According to article 26 of the Attorneyship Law, a trainee lawyer may attend the hearings related to the cases and works followed by the lawyer at the peace courts, criminal courts of peace and enforcement investigation authorities, and perform the works in the enforcement offices, under the supervision and responsibility of the lawyer. If the trainee lawyer becomes a victim of a crime while the lawyer is doing his internship; the crime is committed against a public official. You can review the sample Supreme Court Decision. th
4th Criminal Chamber
Base Number: 2020/10625
Decision Number: 2020/18808
“Justice Text”
COURT: Criminal Court of First Instance
CRIME: Insult
JURISDICTION: Conviction
DECISION
The judgment rendered by the Local Court was appealed, and the file was discussed according to the duration of the application, the nature of the decision and the date of the crime:
Since there were no grounds for refusal of the appeal, the matter was passed on.
In the examination made according to the minutes, documents and justification content reflecting the trial process in which the conscientious opinion was formed; Other reasons were not seen in situ.
However;
In the event where the accused insulted the intern lawyer who went to the foreclosure together with the bailiff, the issue of whether the attendant fulfils the aforementioned conditions, considering that the attendee will be considered a public official while performing the works listed in Article 26 of the Law No. Deciding to punish the accused by Article 125/3-a of the TCK with incomplete prosecution without being investigated from the bar association records,
According to the acceptance;
The Simple Trial Procedure was regulated in Article 24 of Law No. 7188 of 17/10/2019 and Article 251 of the CMK No. 5271.

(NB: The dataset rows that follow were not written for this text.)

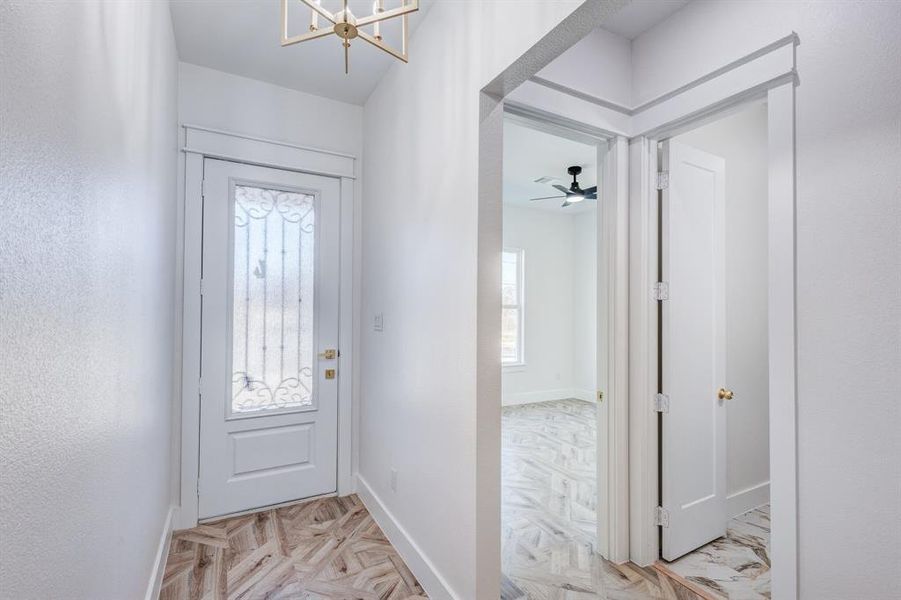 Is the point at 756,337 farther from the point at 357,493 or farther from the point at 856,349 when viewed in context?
the point at 357,493

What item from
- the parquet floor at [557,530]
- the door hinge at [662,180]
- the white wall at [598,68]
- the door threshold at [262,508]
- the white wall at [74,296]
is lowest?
the parquet floor at [557,530]

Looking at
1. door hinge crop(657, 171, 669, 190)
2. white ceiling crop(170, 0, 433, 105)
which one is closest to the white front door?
white ceiling crop(170, 0, 433, 105)

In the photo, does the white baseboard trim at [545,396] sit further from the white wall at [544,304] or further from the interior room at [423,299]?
the interior room at [423,299]

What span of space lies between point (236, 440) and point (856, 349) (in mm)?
3164

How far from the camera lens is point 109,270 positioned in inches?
44.4

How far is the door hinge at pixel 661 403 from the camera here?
224 cm

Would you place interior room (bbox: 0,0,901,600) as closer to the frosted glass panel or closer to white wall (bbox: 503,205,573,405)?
the frosted glass panel

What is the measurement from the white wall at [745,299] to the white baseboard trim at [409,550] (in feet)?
6.61

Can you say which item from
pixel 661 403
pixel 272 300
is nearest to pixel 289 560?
pixel 272 300

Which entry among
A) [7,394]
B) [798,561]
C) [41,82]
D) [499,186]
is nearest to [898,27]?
[499,186]

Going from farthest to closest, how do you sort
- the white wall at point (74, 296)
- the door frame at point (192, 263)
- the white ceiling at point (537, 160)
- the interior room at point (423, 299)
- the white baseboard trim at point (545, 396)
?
the white baseboard trim at point (545, 396)
the white ceiling at point (537, 160)
the door frame at point (192, 263)
the interior room at point (423, 299)
the white wall at point (74, 296)

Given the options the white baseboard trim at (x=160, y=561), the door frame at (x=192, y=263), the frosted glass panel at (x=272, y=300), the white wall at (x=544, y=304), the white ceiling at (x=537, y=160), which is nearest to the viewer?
the white baseboard trim at (x=160, y=561)

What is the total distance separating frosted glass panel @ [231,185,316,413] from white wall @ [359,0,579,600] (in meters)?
0.52

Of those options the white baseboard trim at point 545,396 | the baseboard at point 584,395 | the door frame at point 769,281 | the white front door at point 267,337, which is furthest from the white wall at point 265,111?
the baseboard at point 584,395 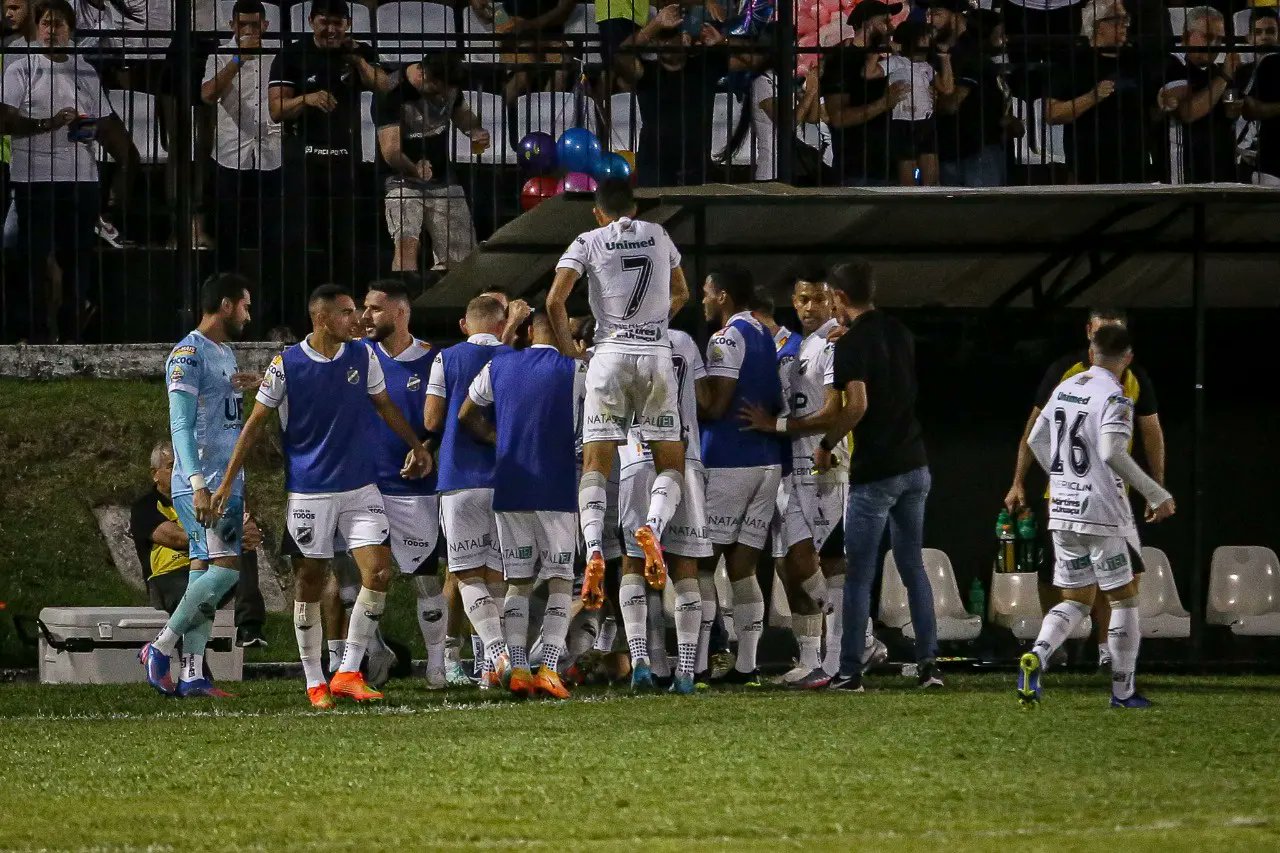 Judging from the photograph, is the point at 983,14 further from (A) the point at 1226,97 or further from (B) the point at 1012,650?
(B) the point at 1012,650

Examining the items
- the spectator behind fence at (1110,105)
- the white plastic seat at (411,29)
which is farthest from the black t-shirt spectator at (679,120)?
the spectator behind fence at (1110,105)

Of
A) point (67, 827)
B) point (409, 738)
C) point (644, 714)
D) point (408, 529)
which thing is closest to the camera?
point (67, 827)

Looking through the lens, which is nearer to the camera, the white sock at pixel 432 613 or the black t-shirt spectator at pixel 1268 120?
the white sock at pixel 432 613

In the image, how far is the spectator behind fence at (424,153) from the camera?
1592 cm

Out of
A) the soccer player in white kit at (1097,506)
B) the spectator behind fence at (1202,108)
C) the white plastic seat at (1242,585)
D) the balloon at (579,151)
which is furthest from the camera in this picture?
the spectator behind fence at (1202,108)

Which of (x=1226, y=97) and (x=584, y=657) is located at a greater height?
(x=1226, y=97)

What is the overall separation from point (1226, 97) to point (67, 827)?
12.3 metres

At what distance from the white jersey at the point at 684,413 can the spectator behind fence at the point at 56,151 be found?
602cm

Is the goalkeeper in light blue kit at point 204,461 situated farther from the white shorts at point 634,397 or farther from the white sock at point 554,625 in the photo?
the white shorts at point 634,397

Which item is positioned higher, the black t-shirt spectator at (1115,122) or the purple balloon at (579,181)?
the black t-shirt spectator at (1115,122)

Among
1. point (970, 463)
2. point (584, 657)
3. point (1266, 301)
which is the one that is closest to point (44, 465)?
point (584, 657)

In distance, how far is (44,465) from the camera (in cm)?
1577

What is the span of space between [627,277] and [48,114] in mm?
6814

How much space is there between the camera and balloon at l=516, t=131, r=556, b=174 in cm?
1557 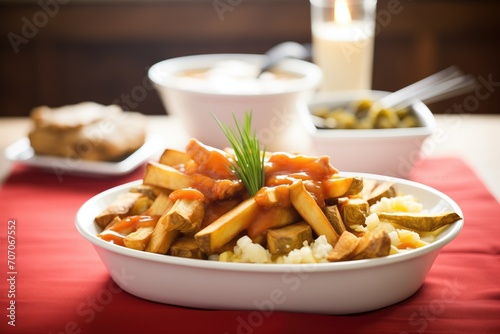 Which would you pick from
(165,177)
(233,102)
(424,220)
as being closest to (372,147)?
(233,102)

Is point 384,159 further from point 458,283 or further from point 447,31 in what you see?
point 447,31

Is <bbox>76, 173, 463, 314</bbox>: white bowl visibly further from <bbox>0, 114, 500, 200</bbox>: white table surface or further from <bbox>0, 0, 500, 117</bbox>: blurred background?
<bbox>0, 0, 500, 117</bbox>: blurred background

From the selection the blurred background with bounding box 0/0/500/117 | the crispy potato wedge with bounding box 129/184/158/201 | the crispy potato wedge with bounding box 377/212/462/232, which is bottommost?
the blurred background with bounding box 0/0/500/117

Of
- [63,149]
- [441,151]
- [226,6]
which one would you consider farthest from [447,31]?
[63,149]

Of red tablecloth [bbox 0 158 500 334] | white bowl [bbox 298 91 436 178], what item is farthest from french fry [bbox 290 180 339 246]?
white bowl [bbox 298 91 436 178]

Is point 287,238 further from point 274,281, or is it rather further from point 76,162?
point 76,162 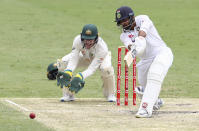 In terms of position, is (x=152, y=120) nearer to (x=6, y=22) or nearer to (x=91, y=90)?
(x=91, y=90)

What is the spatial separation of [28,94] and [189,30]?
13005 mm

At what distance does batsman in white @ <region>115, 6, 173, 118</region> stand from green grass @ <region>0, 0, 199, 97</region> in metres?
4.16

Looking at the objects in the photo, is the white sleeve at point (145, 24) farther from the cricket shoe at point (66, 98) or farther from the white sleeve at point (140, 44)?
the cricket shoe at point (66, 98)

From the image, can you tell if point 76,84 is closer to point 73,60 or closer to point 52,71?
point 73,60

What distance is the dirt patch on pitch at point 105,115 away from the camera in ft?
23.5

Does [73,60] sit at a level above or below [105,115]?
above

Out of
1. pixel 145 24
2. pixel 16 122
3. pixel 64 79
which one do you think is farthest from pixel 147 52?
pixel 16 122

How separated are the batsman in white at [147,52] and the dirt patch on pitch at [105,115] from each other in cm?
29

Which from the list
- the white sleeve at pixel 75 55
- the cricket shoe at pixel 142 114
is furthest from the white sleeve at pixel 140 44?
the white sleeve at pixel 75 55

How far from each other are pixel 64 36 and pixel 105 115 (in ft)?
51.5

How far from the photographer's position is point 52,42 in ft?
74.1

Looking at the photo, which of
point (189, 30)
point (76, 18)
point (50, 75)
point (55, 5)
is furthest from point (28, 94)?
point (55, 5)

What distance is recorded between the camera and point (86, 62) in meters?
10.5

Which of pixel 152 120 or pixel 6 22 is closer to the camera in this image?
pixel 152 120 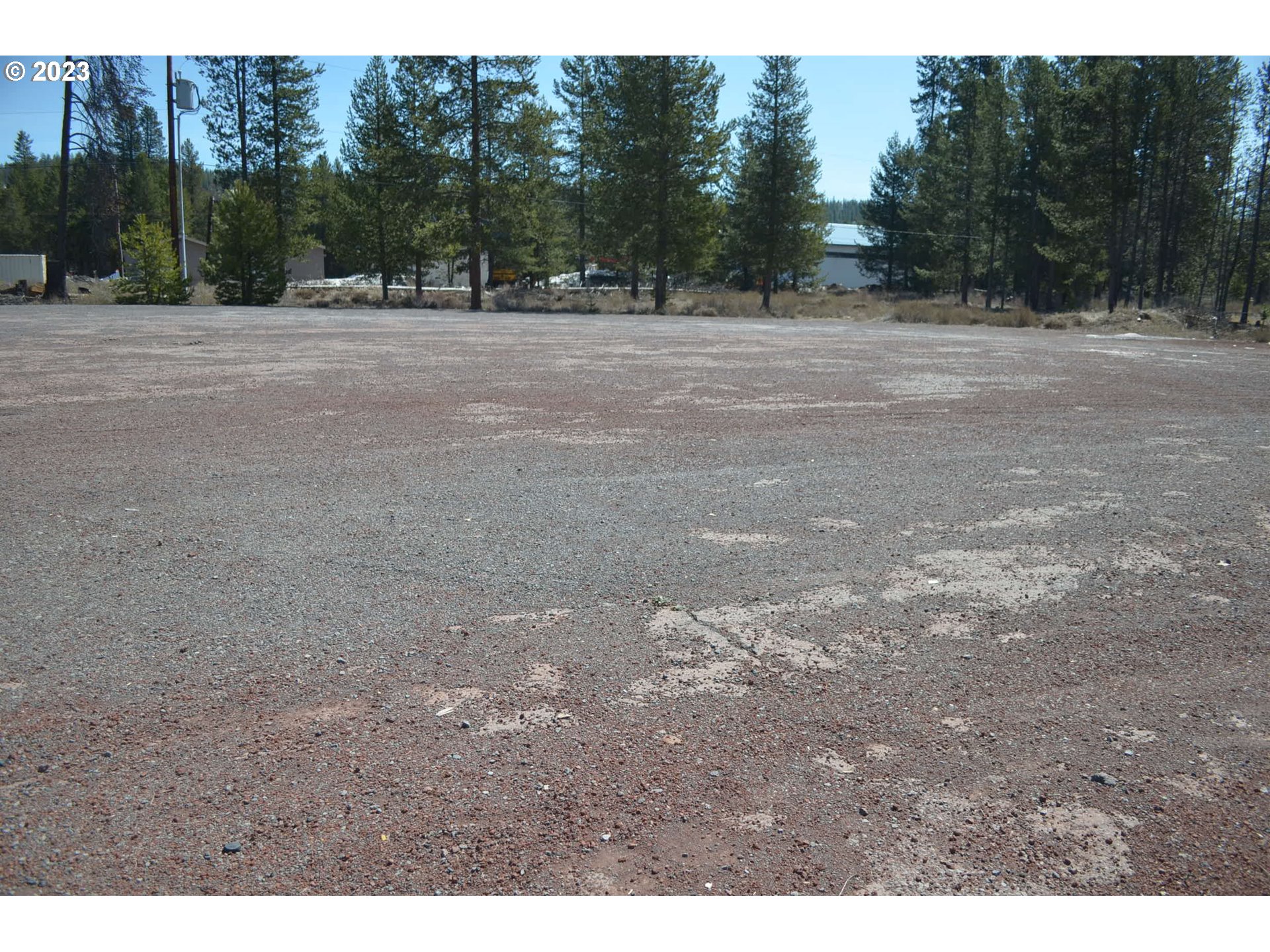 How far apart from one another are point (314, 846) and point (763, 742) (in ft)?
5.32

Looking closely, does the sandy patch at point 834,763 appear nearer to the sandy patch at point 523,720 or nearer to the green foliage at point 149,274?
the sandy patch at point 523,720

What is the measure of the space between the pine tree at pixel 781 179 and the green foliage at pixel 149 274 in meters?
27.7

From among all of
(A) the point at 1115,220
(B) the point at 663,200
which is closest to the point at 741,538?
(B) the point at 663,200

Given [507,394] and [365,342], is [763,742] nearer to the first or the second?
[507,394]

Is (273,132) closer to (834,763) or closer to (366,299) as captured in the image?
(366,299)

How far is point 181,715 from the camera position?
142 inches

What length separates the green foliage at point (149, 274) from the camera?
34719 millimetres

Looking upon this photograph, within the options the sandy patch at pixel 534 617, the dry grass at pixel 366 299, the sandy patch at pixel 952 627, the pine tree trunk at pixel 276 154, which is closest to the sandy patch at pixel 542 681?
the sandy patch at pixel 534 617

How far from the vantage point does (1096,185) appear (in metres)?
43.1

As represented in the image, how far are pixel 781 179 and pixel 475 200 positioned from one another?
57.0ft

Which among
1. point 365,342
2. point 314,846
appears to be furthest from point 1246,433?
point 365,342

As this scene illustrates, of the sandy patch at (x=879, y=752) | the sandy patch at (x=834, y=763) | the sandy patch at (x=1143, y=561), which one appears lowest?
the sandy patch at (x=834, y=763)

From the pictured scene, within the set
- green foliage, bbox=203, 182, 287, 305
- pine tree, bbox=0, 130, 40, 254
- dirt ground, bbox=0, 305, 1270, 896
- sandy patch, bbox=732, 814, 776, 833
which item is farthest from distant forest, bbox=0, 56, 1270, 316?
sandy patch, bbox=732, 814, 776, 833

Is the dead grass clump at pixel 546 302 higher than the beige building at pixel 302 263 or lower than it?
lower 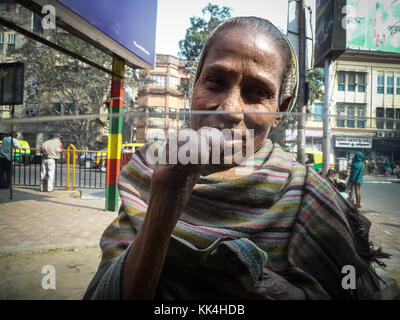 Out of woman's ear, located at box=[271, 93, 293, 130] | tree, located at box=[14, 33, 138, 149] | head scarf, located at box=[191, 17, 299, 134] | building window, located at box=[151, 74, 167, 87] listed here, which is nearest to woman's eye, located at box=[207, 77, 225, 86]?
head scarf, located at box=[191, 17, 299, 134]

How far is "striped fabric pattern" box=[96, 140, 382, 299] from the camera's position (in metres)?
0.67

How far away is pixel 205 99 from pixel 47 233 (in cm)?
Result: 99

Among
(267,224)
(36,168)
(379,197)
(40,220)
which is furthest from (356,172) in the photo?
(40,220)

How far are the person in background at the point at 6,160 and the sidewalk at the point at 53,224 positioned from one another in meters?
0.04

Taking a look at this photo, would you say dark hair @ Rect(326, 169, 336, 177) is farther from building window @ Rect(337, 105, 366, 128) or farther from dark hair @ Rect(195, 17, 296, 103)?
dark hair @ Rect(195, 17, 296, 103)

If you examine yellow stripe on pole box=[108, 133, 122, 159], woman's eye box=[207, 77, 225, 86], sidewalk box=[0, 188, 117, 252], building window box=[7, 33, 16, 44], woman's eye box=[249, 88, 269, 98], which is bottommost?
sidewalk box=[0, 188, 117, 252]

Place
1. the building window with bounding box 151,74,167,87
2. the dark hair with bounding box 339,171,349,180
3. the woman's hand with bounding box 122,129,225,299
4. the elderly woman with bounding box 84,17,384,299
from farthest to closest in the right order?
the building window with bounding box 151,74,167,87, the dark hair with bounding box 339,171,349,180, the elderly woman with bounding box 84,17,384,299, the woman's hand with bounding box 122,129,225,299

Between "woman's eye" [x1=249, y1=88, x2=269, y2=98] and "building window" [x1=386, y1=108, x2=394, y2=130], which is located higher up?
"woman's eye" [x1=249, y1=88, x2=269, y2=98]

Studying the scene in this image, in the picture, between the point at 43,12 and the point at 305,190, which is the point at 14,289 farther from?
the point at 43,12

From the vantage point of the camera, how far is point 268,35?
2.60ft

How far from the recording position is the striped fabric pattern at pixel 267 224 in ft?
2.21

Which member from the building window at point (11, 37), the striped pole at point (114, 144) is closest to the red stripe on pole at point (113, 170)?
the striped pole at point (114, 144)

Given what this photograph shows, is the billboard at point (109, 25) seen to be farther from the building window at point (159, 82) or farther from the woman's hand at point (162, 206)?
the woman's hand at point (162, 206) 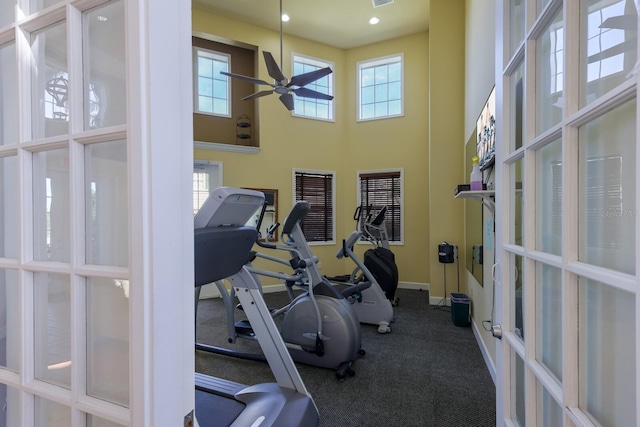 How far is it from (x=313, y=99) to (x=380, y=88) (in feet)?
4.62

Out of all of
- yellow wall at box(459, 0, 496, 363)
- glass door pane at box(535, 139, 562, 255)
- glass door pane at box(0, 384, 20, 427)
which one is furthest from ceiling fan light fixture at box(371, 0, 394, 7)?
glass door pane at box(0, 384, 20, 427)

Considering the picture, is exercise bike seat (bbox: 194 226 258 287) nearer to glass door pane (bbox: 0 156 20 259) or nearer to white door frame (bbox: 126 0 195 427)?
glass door pane (bbox: 0 156 20 259)

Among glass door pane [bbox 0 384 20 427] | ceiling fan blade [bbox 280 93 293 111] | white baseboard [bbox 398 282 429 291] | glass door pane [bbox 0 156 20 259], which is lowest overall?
white baseboard [bbox 398 282 429 291]

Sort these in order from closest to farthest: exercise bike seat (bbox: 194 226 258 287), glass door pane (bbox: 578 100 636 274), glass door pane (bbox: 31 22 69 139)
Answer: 1. glass door pane (bbox: 578 100 636 274)
2. glass door pane (bbox: 31 22 69 139)
3. exercise bike seat (bbox: 194 226 258 287)

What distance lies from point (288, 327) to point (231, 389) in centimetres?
111

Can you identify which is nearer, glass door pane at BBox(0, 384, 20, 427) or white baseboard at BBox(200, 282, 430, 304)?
glass door pane at BBox(0, 384, 20, 427)

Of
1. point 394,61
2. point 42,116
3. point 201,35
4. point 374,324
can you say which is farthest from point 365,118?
point 42,116

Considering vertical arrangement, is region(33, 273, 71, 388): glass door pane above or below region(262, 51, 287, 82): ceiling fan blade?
below

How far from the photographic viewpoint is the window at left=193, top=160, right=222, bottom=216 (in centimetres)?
539

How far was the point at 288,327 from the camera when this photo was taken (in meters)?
3.16

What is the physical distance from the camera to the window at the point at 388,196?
6.29 m

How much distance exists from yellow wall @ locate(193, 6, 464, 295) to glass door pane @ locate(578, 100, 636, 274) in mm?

However, concerning the implementation of this regulation, with Article 31 of the Law No. 7188, paragraph (d) of the temporary article 5 added to the CMK numbered 5271; The provision “As of 01/01/2020, the rapid trial procedure and simple trial procedure shall not be applied in the cases where the prosecution phase has been initiated, adjudicated or finalized”.
Examining the issue through concrete norm control, the Constitutional Court (25/06/2020, 2020/16, 2020/33; RG 19/08/2020, No: 31218) stated that the provision in the aforementioned provisional article 5/d states that the phrase “prosecution phase has passed”. in the same paragraph, considering it contrary to Article 38 of the Constitution in terms of “simple trial procedure” and decided to annul it.
Although the Constitutional Court’s decision did not decide to annul the files that were adjudicated, the prosecution phase continued until the finalization regarding the files that were adjudicated by Article 2/1-(f) of Law No. 5271, and Article 251/3 of the same Law. If a sentence of conviction is given according to the article, a reduction of one quarter from the final sentence is foreseen, and this situation brings a favourable regulation in terms of the files whose appeal examination is ongoing,
In the annulment decision of the Constitutional Court; Since it is pointed out that the new regulation brought in favour of the accused should be applied in terms of files that have been in the “prosecution phase” with the temporary article 5 added to the CMK numbered 5271 by Article 31 of the Law No. 7188, 251/1 of the CMK no. In terms of the crimes covered by the article; Article 38 of the Constitution and 7 of the TCK numbered 5237 and 251 et al. of the CMK numbered 5271. obligation to re-evaluate by the
It was unanimously decided on 08/12/2020 that the judgment be quashed by the communiqué, as it required reversal and the defendant’s reasons for appeal were seen on the spot, and that the case be sent to the main/sentencing court to be continued and concluded, starting from the stage before the reversal of the proceedings.